Recorded data:
▼
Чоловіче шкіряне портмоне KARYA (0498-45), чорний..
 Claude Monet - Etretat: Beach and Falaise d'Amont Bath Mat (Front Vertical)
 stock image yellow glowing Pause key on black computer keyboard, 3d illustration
▲
What the task requires:
The whole listing above, line by line, is to be retyped exactly.

Exercise answer:
Чоловіче шкіряне портмоне KARYA (0498-45), чорний..
 Claude Monet - Etretat: Beach and Falaise d'Amont Bath Mat (Front Vertical)
 stock image yellow glowing Pause key on black computer keyboard, 3d illustration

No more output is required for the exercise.